International coordination of radio frequencies and satellite slots is performed by ITU, see:

http://www.itu.int/ITU-R/

In fact, worldwide useability of WI-FI is due in large measure to the fact that the ITU Member States have agreed, in the Radio Regulations, that the relevant frequency spectra should be unlicensed world-wide.

The most widely used cable-modem standards are ITU-T Recommendations. So are ADSL and related standards.  For more information on the ITU's involvement in IP-based networks, please see:

http://www.itu.int/osg/spu/ip/index.phtml

Mr Ross states: "The ITU aspires to a network management and oversight role".  The ITU's goals are clearly specified in its Constitution, see:

http://www.itu.int/aboutitu/basic-texts/constitution/chapter1/chapter01_01.html

The first goal is "to maintain and extend international cooperation among all its Member States for the improvement and rational use of telecommunications of all kinds;". 

The Preamble of the Constitution starts by "fully recognizing the sovereign right of each State to regulate its telecommunication", and states that the object of the ITU is to "facilitate peaceful relations, international cooperation among peoples and economic and social development by means of efficient telecommunication services"

Mr Ross states: "[ITU] oversees that world telecommunications infrastructure".  It is correct that ITU performs certain international coordination tasks that have been agreed by its membership.  Personally, I doubt that the tasks performed by ITU could be qualified as "overseeing the world telecommunications infrastructure".  On the other hand, it is true that the national regulatory agencies that are members of ITU do, in most countries, have the task of overseeing their national telecommunications infrastructure.

Re: Internet to ITU: Stay Away from My Network Richard Hill  –  Jan 06, 2005 9:35 AM PDT

Part 2.

Mr Ross goes on to single out certain well-known cases of fraud or abuse.  But combating those types of fraud or abuse is either a commercial matter, taken care of by the concerned private operators, or a national matter, taken care of by the concerned national regulator or consumer protection agencies.

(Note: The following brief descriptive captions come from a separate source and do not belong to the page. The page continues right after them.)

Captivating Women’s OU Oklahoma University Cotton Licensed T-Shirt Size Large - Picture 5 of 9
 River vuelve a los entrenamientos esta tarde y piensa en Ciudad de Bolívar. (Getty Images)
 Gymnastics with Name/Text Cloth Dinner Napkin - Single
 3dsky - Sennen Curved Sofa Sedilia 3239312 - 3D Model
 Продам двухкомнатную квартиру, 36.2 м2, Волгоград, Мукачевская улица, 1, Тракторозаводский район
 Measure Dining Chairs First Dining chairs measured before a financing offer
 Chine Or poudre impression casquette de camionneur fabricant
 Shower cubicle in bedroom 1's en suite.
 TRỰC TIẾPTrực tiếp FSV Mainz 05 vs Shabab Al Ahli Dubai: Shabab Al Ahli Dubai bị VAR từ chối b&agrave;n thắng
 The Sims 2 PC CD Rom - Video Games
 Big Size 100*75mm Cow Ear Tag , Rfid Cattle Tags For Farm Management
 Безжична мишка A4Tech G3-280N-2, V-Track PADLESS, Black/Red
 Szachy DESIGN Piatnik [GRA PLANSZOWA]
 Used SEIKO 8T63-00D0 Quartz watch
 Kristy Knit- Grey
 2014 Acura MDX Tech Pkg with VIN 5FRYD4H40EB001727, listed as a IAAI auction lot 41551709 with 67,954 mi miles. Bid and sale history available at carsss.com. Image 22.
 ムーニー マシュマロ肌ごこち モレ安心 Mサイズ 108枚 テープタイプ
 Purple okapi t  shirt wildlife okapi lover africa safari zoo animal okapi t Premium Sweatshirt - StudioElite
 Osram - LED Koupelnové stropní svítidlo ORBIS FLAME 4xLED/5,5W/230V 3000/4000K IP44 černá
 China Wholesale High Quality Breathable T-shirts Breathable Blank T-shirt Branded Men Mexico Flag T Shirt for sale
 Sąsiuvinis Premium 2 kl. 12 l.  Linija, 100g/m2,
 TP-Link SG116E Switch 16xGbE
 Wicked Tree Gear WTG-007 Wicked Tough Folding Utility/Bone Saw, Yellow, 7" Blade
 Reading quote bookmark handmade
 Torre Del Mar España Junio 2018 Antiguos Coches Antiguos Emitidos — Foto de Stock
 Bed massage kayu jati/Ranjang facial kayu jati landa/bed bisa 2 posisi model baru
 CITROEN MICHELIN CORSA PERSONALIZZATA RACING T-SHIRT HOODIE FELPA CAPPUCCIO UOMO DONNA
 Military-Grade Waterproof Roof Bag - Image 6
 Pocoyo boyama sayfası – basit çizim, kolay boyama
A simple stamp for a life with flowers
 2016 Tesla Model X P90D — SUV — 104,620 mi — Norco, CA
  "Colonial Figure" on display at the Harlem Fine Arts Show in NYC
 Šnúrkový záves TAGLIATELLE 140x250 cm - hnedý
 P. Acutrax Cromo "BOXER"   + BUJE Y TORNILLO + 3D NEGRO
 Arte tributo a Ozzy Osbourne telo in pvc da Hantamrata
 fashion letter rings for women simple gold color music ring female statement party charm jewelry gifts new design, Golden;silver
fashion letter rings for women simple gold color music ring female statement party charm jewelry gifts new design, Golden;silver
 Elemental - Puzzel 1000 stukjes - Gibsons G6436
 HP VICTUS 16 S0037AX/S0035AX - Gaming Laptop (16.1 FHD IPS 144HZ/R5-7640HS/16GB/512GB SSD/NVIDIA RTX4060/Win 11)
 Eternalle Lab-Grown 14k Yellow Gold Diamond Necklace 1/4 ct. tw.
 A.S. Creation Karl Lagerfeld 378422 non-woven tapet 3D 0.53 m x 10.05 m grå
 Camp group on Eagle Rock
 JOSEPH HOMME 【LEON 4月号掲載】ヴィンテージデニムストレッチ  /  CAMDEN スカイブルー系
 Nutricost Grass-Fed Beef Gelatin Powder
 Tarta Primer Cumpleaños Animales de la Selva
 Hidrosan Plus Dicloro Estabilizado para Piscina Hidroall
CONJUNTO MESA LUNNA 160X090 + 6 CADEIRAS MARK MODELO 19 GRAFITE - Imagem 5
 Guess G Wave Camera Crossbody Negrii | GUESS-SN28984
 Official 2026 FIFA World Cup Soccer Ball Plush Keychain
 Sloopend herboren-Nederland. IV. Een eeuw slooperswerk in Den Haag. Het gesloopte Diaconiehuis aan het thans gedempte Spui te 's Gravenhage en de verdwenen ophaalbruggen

Concerning re-routeing of calls and abusive Internet auto-diallers, the ITU membership has agreed that measures should be taken at the international level as well as at the national level, and ITU-T has just initiated a project in this area, see TSB Circular 9 at:

http://www.itu.int/md/meetingdoc.asp?type=sitems&lang=e&parent=T05-TSB-CIR-0009

The initial step is to encourage reporting of potential misuse. Further work on measures to combat the misuse will follow, see WTSA Resolution 20 at:

http://www.itu.int/ITU-T/wtsa/resolutions.html

Mr Ross states that "NGN is a facist vision".  According to my dictionary, facism is "a philosophy or system of government that advocates or exercises dictatorship of the extreme right, typically through the merging of state and business leadership, together with an ideology of belligerent nationalism".  I doubt that the ITU's membership would recognize itself in that definition or agree with that characterization of the NGN project.

Best,
Richard Hill
Counsellor, ITU-T SG2 and SG4

Re: Internet to ITU: Stay Away from My Network Melinda Shore  –  Jan 17, 2005 7:06 AM PDT

I think the question here comes down to service models, in which IP was designed with an eye towards end-to-end communication, towards fate-sharing, and towards very clean (but imperfect) layering.  The traditional telephony service model relies on heavily mediated communications and signaled connection establishment.  While I can understand why someone might want to do it that way, I can't understand why they'd want to use IP as the base protocol - it's simply a terrible fit.  It's been popping out in frankly bizarro service brokerage models that are completely disconnected from the way packets are routed in IP.  They simply can't work without heavy manual configuration, or, as several ITU participants have suggested, "we'll just hack up BGP."

At any rate, I think the challenge here is how to move forward with a plausible business model that respects the internet's design principles, and to how avoid trying to hammer incompatible communication models on top of it.

As for layering, it's one thing to have a layering model and another to use it.  I think the serious layering violations in SS7 speak for themselves.